How to Build Your Own Processing Container (Advanced Scenario) - Amazon SageMaker AI

How to Build Your Own Processing Container (Advanced Scenario)

You can provide Amazon SageMaker Processing with a Docker image that has your own code and dependencies to run your data processing, feature engineering, and model evaluation workloads. The following provides information on how to build your own processing container.

The following example of a Dockerfile builds a container with the Python libraries scikit-learn and pandas, which you can run as a processing job.

FROM python:3.7-slim-buster # Install scikit-learn and pandas RUN pip3 install pandas==0.25.3 scikit-learn==0.21.3 # Add a Python script and configure Docker to run it ADD processing_script.py / ENTRYPOINT ["python3", "/processing_script.py"]

For an example of a processing script, see Get started with SageMaker Processing.

Build and push this Docker image to an Amazon Elastic Container Registry (Amazon ECR) repository and ensure that your SageMaker AI IAM role can pull the image from Amazon ECR. Then you can run this image on Amazon SageMaker Processing.

How Amazon SageMaker Processing Configures Your Processing Container

Amazon SageMaker Processing provides configuration information to your processing container through environment variables and two JSON files—/opt/ml/config/processingjobconfig.json and /opt/ml/config/resourceconfig.json— at predefined locations in the container.

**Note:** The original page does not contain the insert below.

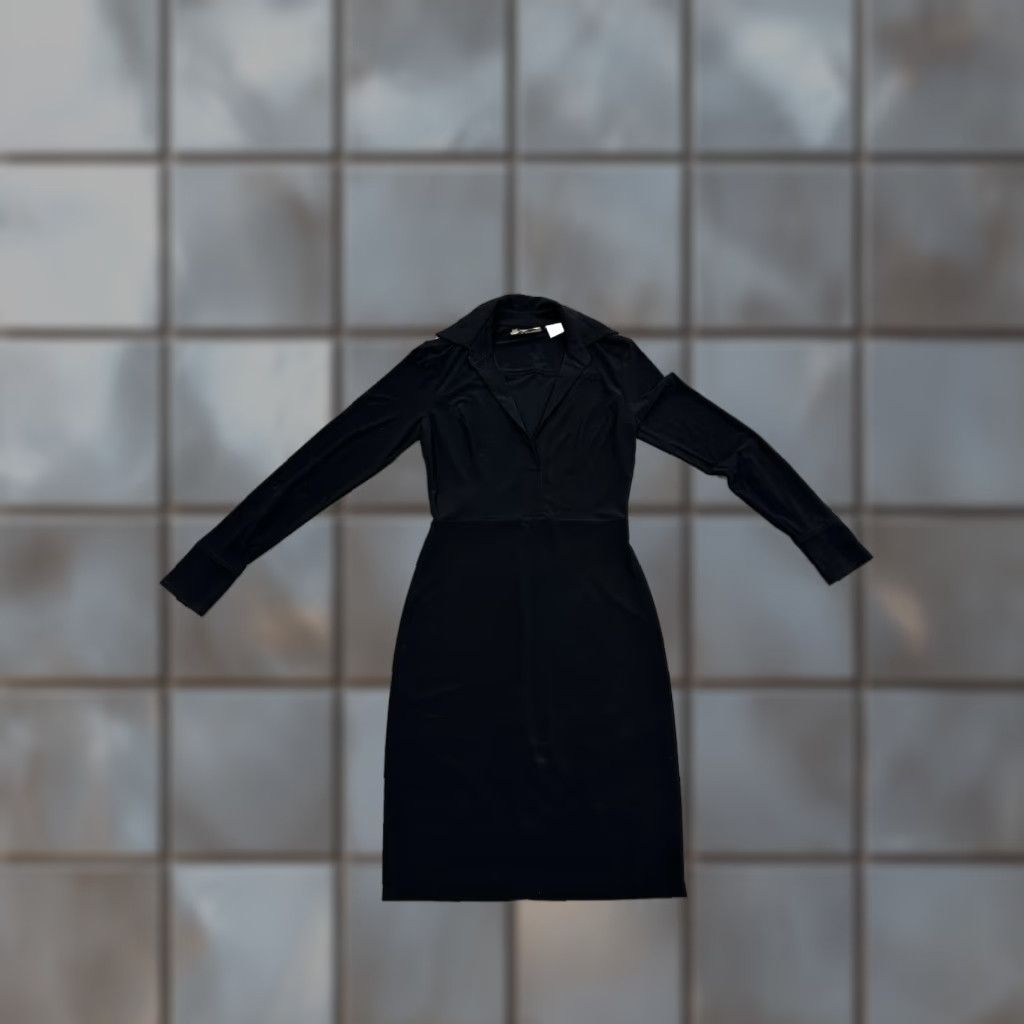 Everlast VINTAGE Norma Kamali x Everlast Dress Women Long Sleeve Black Size S (Small) Size S / US 4 / IT 40 - 1 Thumbnail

When a processing job starts, it uses the environment variables that you specified with the Environment map in the CreateProcessingJob request. The /opt/ml/config/processingjobconfig.json file contains information about the hostnames of your processing containers, and is also specified in the CreateProcessingJob request.

The following example shows the format of the /opt/ml/config/processingjobconfig.json file.

{ "ProcessingJobArn": "<processing_job_arn>", "ProcessingJobName": "<processing_job_name>", "AppSpecification": { "ImageUri": "<image_uri>", "ContainerEntrypoint": null, "ContainerArguments": null }, "Environment": { "KEY": "VALUE" }, "ProcessingInputs": [ { "InputName": "input-1", "S3Input": { "LocalPath": "/opt/ml/processing/input/dataset", "S3Uri": "<s3_uri>", "S3DataDistributionType": "FullyReplicated", "S3DataType": "S3Prefix", "S3InputMode": "File", "S3CompressionType": "None", "S3DownloadMode": "StartOfJob" } } ], "ProcessingOutputConfig": { "Outputs": [ { "OutputName": "output-1", "S3Output": { "LocalPath": "/opt/ml/processing/output/dataset", "S3Uri": "<s3_uri>", "S3UploadMode": "EndOfJob" } } ], "KmsKeyId": null }, "ProcessingResources": { "ClusterConfig": { "InstanceCount": 1, "InstanceType": "ml.m5.xlarge", "VolumeSizeInGB": 30, "VolumeKmsKeyId": null } }, "RoleArn": "<IAM role>", "StoppingCondition": { "MaxRuntimeInSeconds": 86400 } }

The /opt/ml/config/resourceconfig.json file contains information about the hostnames of your processing containers. Use the following hostnames when creating or running distributed processing code.

{ "current_host": "algo-1", "hosts": ["algo-1","algo-2","algo-3"] }

Don't use the information about hostnames contained in /etc/hostname or /etc/hosts because it might be inaccurate.

Hostname information might not be immediately available to the processing container. We recommend adding a retry policy on hostname resolution operations as nodes become available in the cluster.